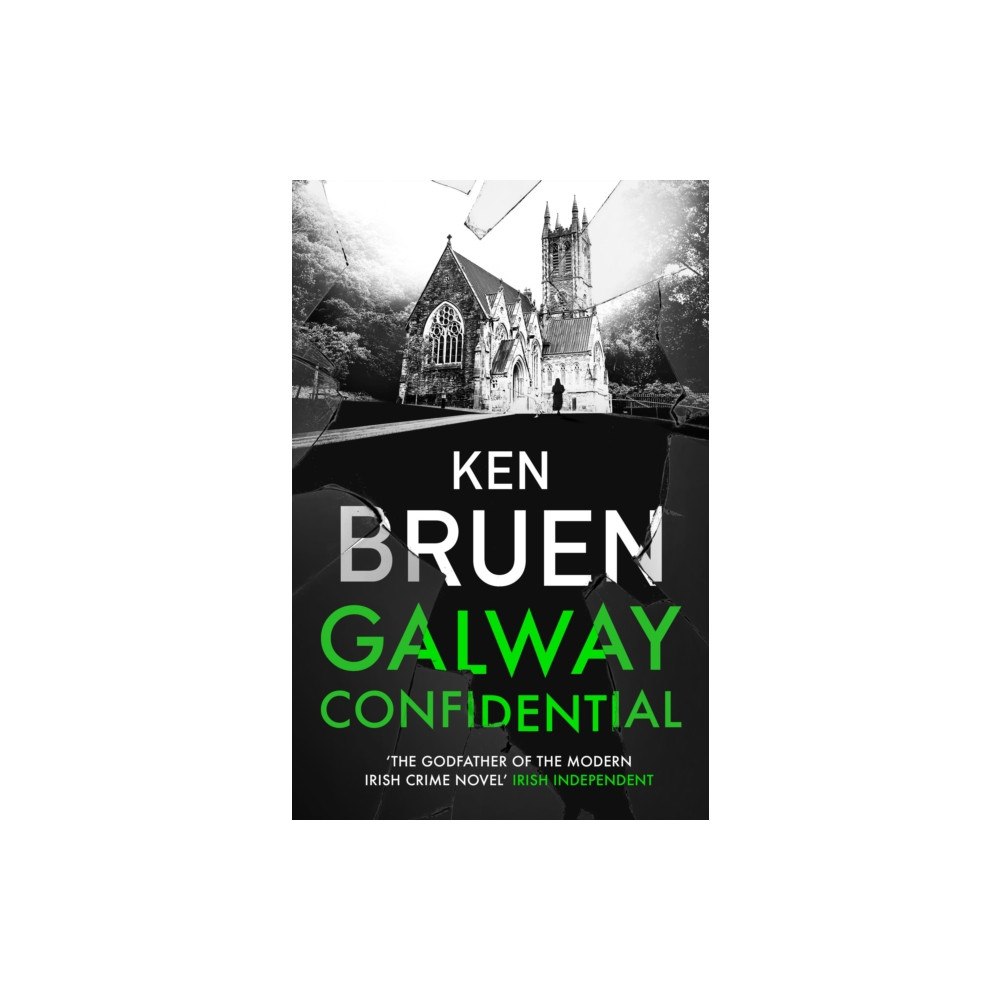 Bloomsbury Publishing PLC Galway Confidential (häftad, eng)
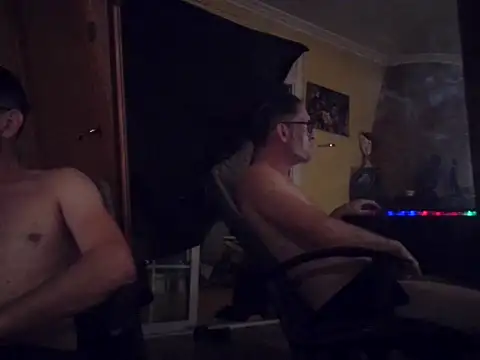 Lia_Y_PatrickX's Webcam Show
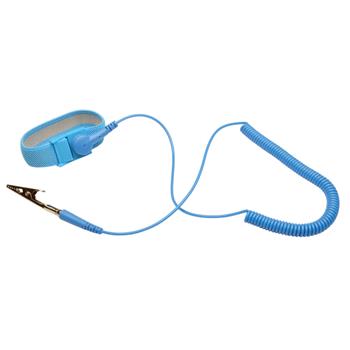 Tripp Lite by Eaton ESD Anti-Static Wrist Strap Band With Grounding Wire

## Instructions to follow
When you copy the listing, keep every line exactly as it is but leave out all images.

## Exercise answer
 Bloomsbury Publishing PLC Galway Confidential (häftad, eng)
 Lia_Y_PatrickX's Webcam Show
 Tripp Lite by Eaton ESD Anti-Static Wrist Strap Band With Grounding Wire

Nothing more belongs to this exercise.